** To do **
Return the line containing "Starbattal Erkek Büyük" and every line beneath it through the end of the entries below, unchanged. Pictures stay out.

═════ Exercise material

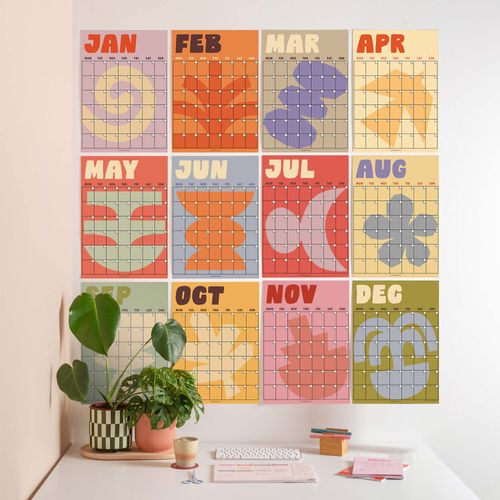 12 Page Large Earthy Shapes Wall Planner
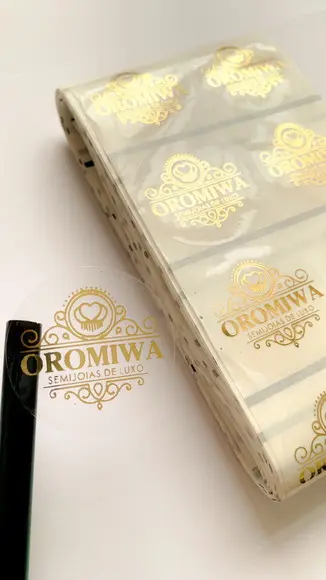 500 Adesivo Transparente Hot Stamping 4cm Dourado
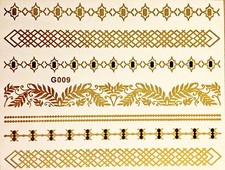 Flash Once Temporary Adhesive Tattoo Gold Black 7 Pieces Bracelet Neck Chain G9
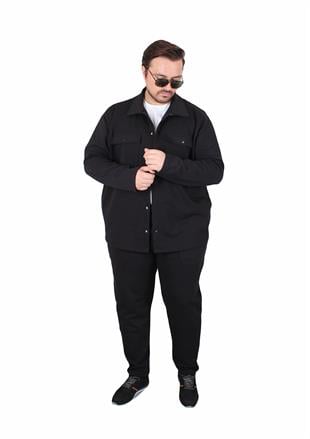 Starbattal Erkek Büyük Beden Çift Cep Kapaklı Eşofman Takım TK25605 SIYAH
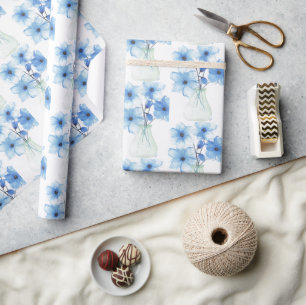 Papel De Regalo Flores azules en jarrón de vidrio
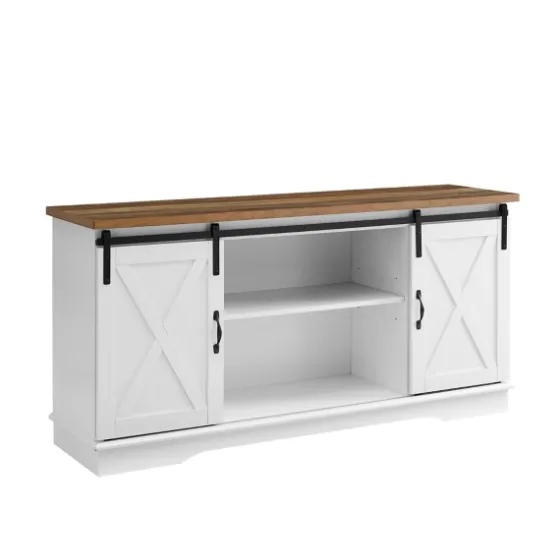 Sliding Door Rustic Oak Top Tv Stand-Kirkland's Home Hot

══════════

** Solution for this exercise **
 Starbattal Erkek Büyük Beden Çift Cep Kapaklı Eşofman Takım TK25605 SIYAH
 Papel De Regalo Flores azules en jarrón de vidrio
 Sliding Door Rustic Oak Top Tv Stand-Kirkland's Home Hot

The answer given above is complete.